*EXERCISE*. When you reach a picture, pass over it; otherwise repeat the listing word for word.

□ □ □ □

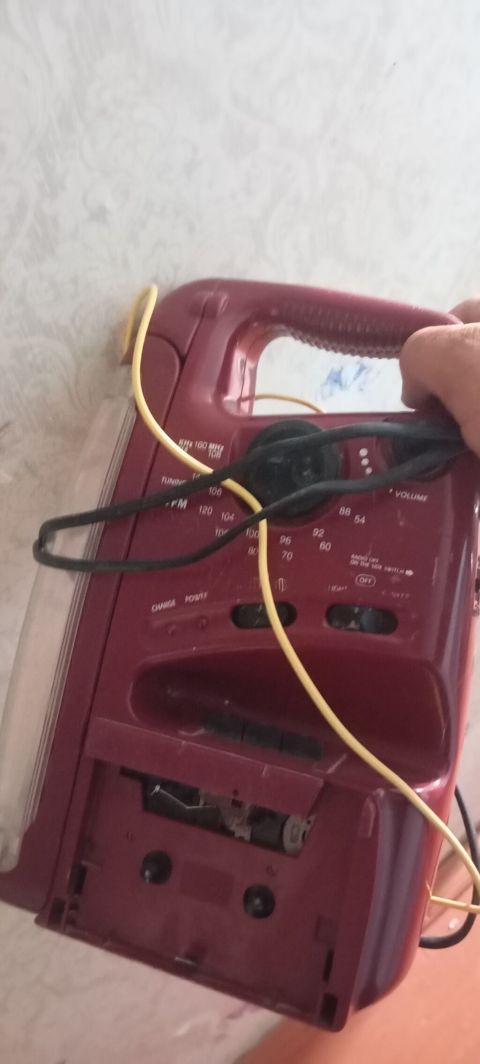 Qədimi radio antikvar eşya Tek radiosu işleyir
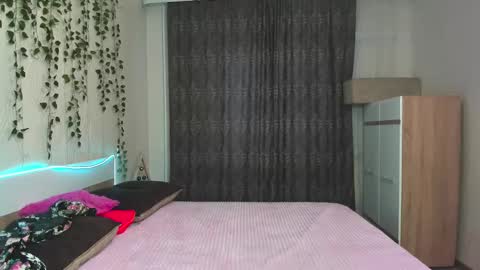 Elsa  online show from 21, 12, 2024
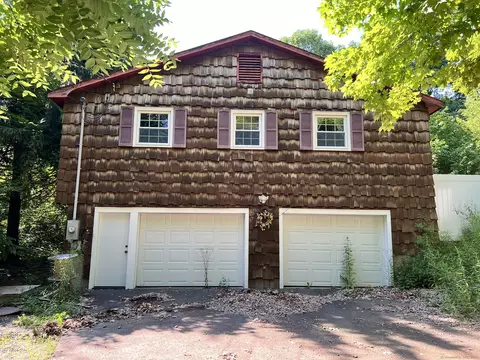 5 Nod Rd, Plainville, CT 06062
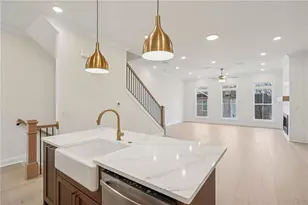 1017 Crown Oak St, Johns Creek, GA 30022 - Photo 5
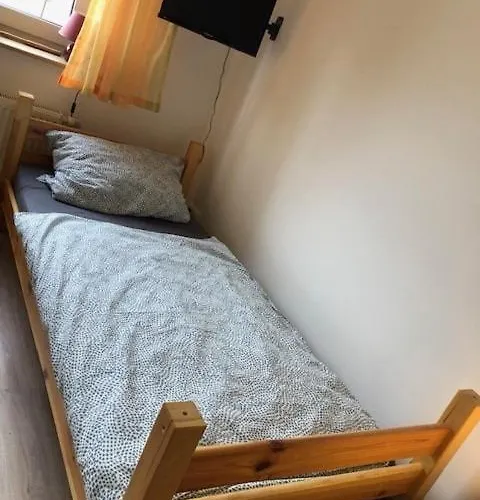 Big House In - Maximal 6 Persons With Garden * Duisburg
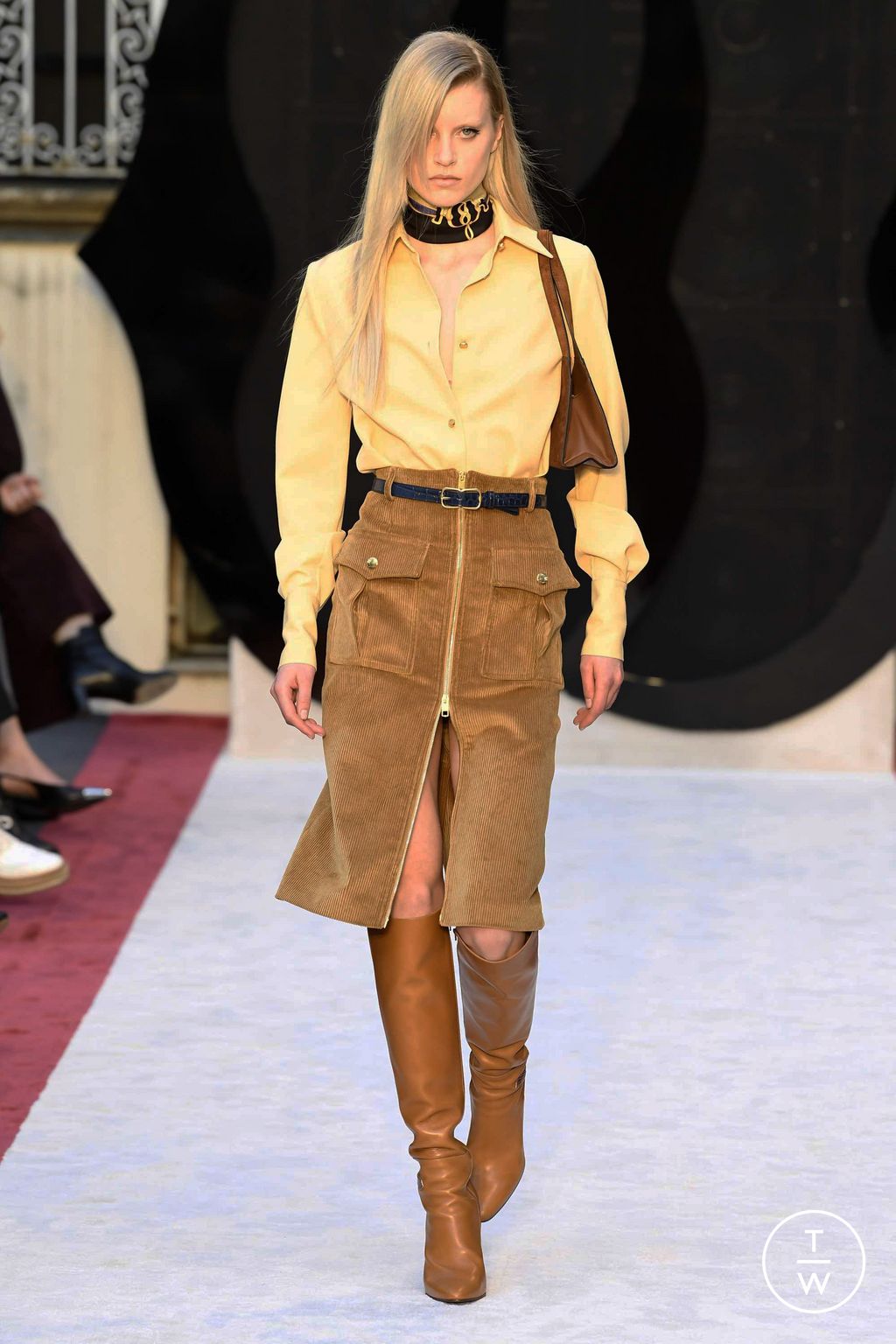 Fashion Week Milan Fall/Winter 2023 look 14 from the Bally collection womenswear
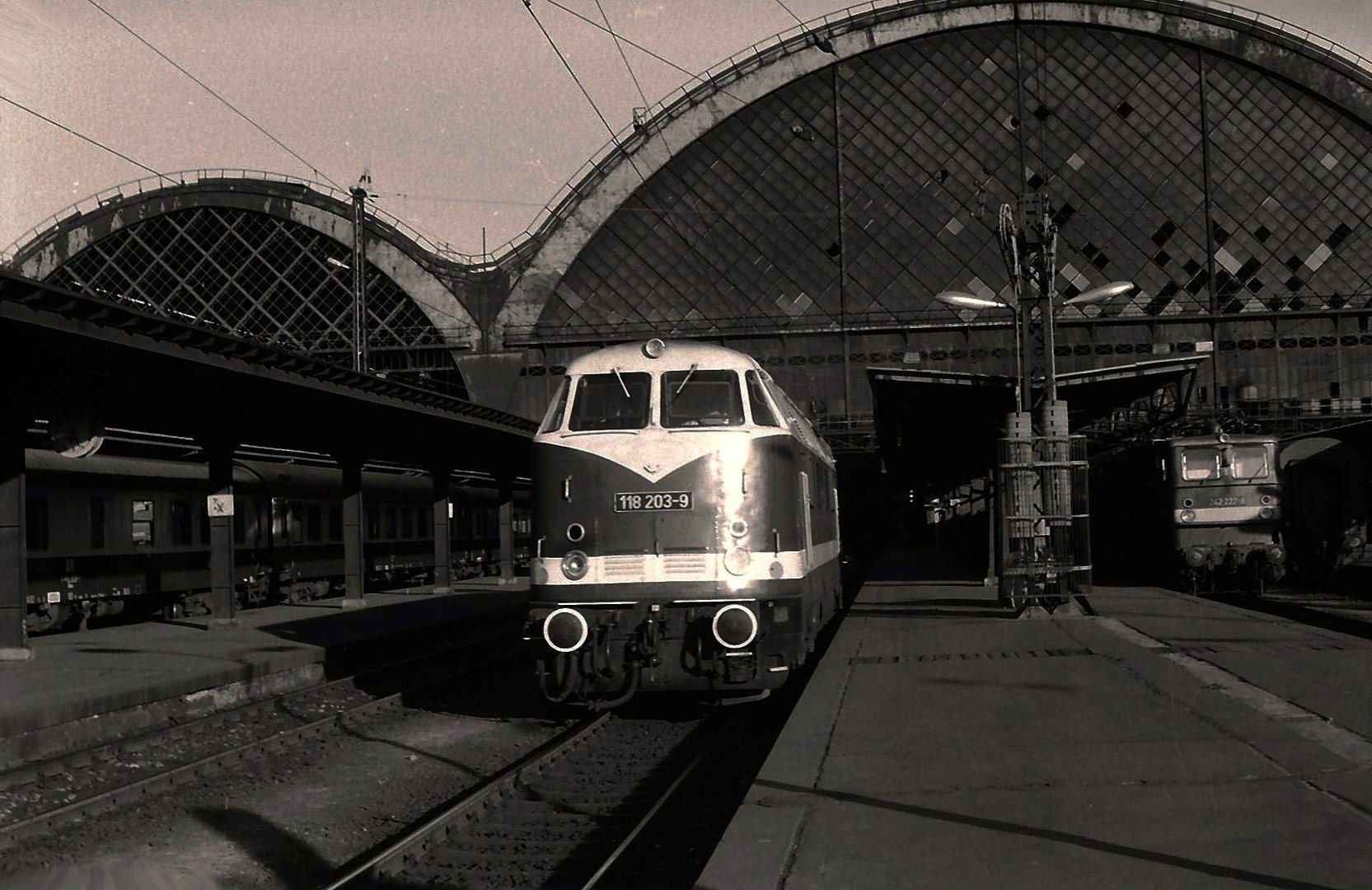 Dresden Hauptbahnhof 1989 .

□ □ □ □

*TASK RESULT*.
 Qədimi radio antikvar eşya Tek radiosu işleyir
 Elsa  online show from 21, 12, 2024
 5 Nod Rd, Plainville, CT 06062
 1017 Crown Oak St, Johns Creek, GA 30022 - Photo 5
 Big House In - Maximal 6 Persons With Garden * Duisburg
 Fashion Week Milan Fall/Winter 2023 look 14 from the Bally collection womenswear
 Dresden Hauptbahnhof 1989 .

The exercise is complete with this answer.